The federal court must look to the substantive elements of the offense when applying the Jackson standard. See Norris v. Dretke, 826 F.3d 821, 833 (5th Cir. 2016), cert. denied, 137 S.Ct. 1203 (2017). For purposes of Johnson's conviction, second degree murder is the killing of a human being when the offender has a specific intent to kill or to inflict great bodily harm. See La. R.S. 14:30.1(A)(1). Specific intent is the “state of mind which exists when the circumstances indicate that the offender actively desired the prescribed criminal consequences to follow his act or failure to act.” La. R.S. 14:10(1). Under Louisiana law, specific intent may be inferred from the circumstances of the offense and from the defendant's conduct. State v. Draughn, 2005-1825 (La. 01/17/07), 950 So.2d 583, cert. denied, 552 U.S. 1012 (2007).

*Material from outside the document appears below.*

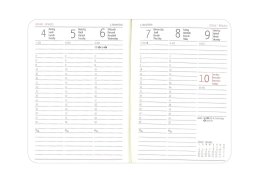Agenda Settimanale Tascabile Nature Line Flower 2027 — Agenda - 3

In 2017, Louisiana law provided that a homicide is justifiable as self-defense “by one who reasonably believes that he is in imminent danger of losing his life or receiving great bodily harm and that the killing is necessary to save himself from that danger.” La. R.S. 14:20(A)(1). Because the State has the burden of proving that the defendant did not act in self-defense, the question under Jackson is whether a rational trier of fact, after viewing the evidence in the light most favorable to the prosecution, could find beyond a reasonable doubt that the homicide was not committed in self-defense or the defense of others. See Seals v. Vannoy, CV 16-9892, 2017 WL 11710615, at *56 (E.D. La. July 7, 2017), report and recommendation adopted, CV 16-9892, 2019 WL 13246629 (E.D. La. May 6, 2019), aff'd, 1 F.4th 362 (5th Cir.2021); Hyman v. Cain, 2015 WL 3755867, *10 (E. D. La. 2015). For several reasons, the record establishes that a rational trier of fact could find that Moore was not killed in self-defense.

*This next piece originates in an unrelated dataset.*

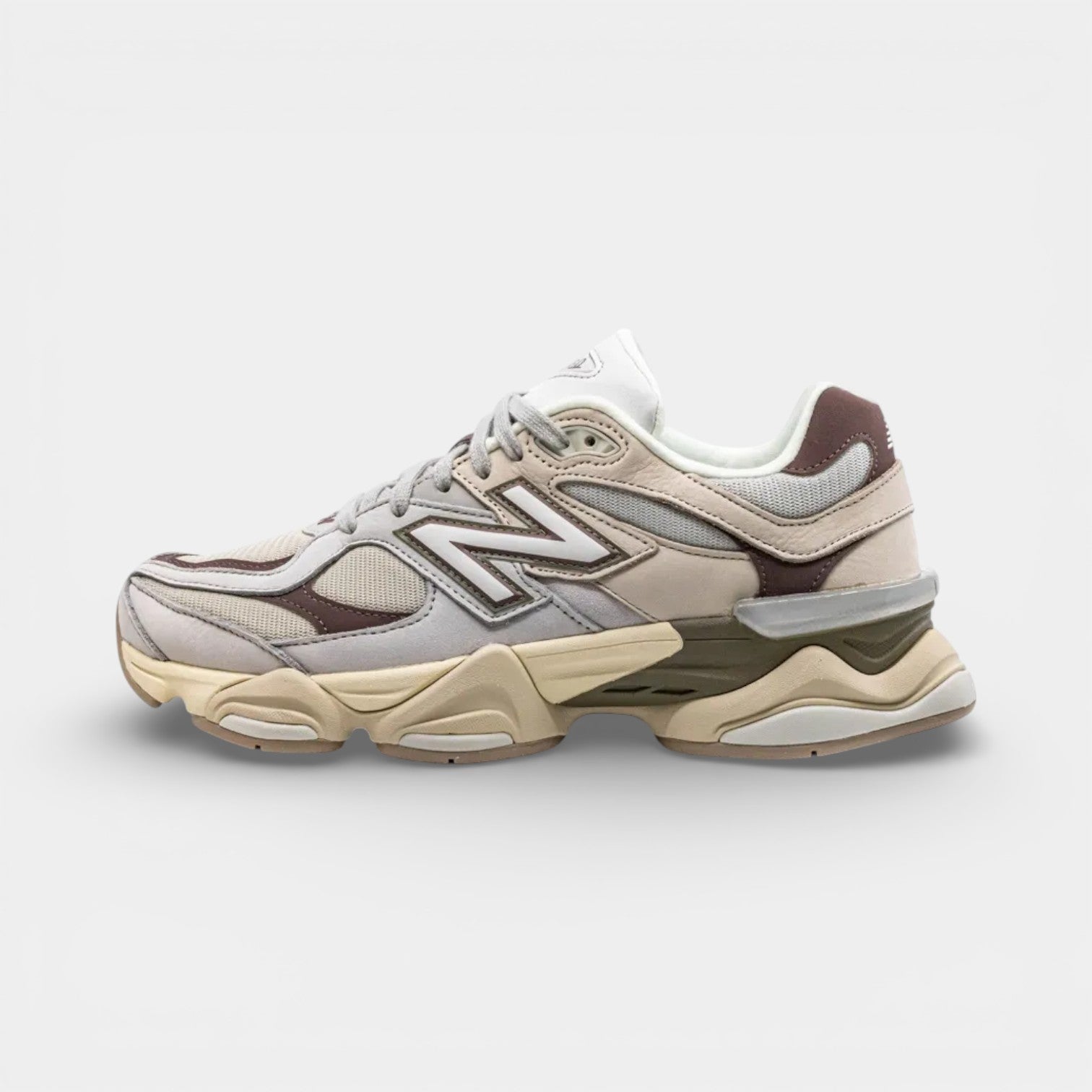 New Balance 9060 Grey matter - New Balance ayakkabı - görsel 2 | ZAINI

First, Johnson stabbed Moore 21 times. The jury heard that Johnson called Moore at 7:29 p.m. on April 28, 2017. ECF No. 14-8 at 166. Johnson told Corporal Schulz that Moore had come over and that they were together for a while. Johnson told him they began arguing when he was getting up and getting ready for work. According to Johnson's statement, Moore had been drinking, was intoxicated, and started a fight with him. She knocked over his furniture and a television. Johnson further reported that Moore started cutting him and chasing him through the house while he tried to get away from her. ECF No. 14-8 at 182. Johnson claimed he grabbed a sheet and ran to a neighbor's house.[1] He eventually went back home with Moore. Id.

Johnson later told Detectives Logan McDonald and Adam McEntee that Moore was intoxicated and started fighting him when he was getting ready for work. He said she knocked over his furniture and television and started cutting him while they were running through the house. Johnson told the Detectives that he pushed Moore when she grabbed his testicles and then ran out of the house while grabbing a sheet off the floor. He went to his neighbor's...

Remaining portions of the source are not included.